Weekly Favourite Five #1
As a recap for the week, I'll be putting up the five favourite posts from you guys and girls who support me on my social media. I'll also be providing the behind-the-scene to what came about with each post to give you a better understanding of the purpose of each one.
1. Lunges: Love Them or Hate Them.
This was to introduce some of the accessory work I prescribe my lifters at SES. More importantly, I wanted to provide a picture of how lunges can be modified in terms of where the overload can be distributed to elicit the adaptations you want in regards to strengthening the body.
2. When one learns to use their legs, one feels the weight move easy.
This was a highlight of one of my athletes whom I have worked with awhile back and recently gotten back to working with her again. It is empirical for an athlete to constantly improve and one of the things that will help sustain progress in the lifts is the use of the legs. Because you be squatting most of the time so learning to translate that squat strength to your lifts will only help you progress your lifts further if taught to use the legs well.
3. Keep Your Hips Healthy. Don't Be Lazy.
This was actually posted while I was sitting down waiting for my chiro to be done with his sessions at our collaborative weekend at Warrnambool. I have always found that keeping good posture is easily forgotten and many, including myself, try to get away with it and only see negative repercussions in your training or lifts. Treating it like incidental exercise, making mobility an incidental thing is also relevant in ensuring that you are taking care of your body if you want to put it through vigorous training.
4. Shoulders Over = Staying Over.
The basis for this post was more along the lines of something I read online. There is a constant battle in the way the power position is taught. I just wanted to provide my logic and explanation behind the positioning of the shoulders but more in lines of making sure that the legs are positioned well under the torso in order for the correct direction in force production.
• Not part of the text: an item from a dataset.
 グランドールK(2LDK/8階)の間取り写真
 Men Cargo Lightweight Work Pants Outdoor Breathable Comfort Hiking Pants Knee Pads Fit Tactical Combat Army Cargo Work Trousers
It is afterall the crux of the lift as getting to the power position and how you move off from it can make or break the lift.
5. Keeping The Back Knee Bent in The Split.
This being one of my more recent posts, this came about as I was teaching several of my lifters who were working on their jerks in this past week. From personal experience having gone through injury with the hip flexor from not bending the knee too much (also because I have terrible core strength), I have found it easier to support the weight of the bar with a bent back leg. Ever since, teaching the bent knee has also helped with preventing the lifter from leaning forward too much or shifting the hips forward when achieving the split.
So that's it for this week's Favourite Five. As always, thank you for your support as I continue to share with you more of my thoughts and ideas in the sport of weightlifting.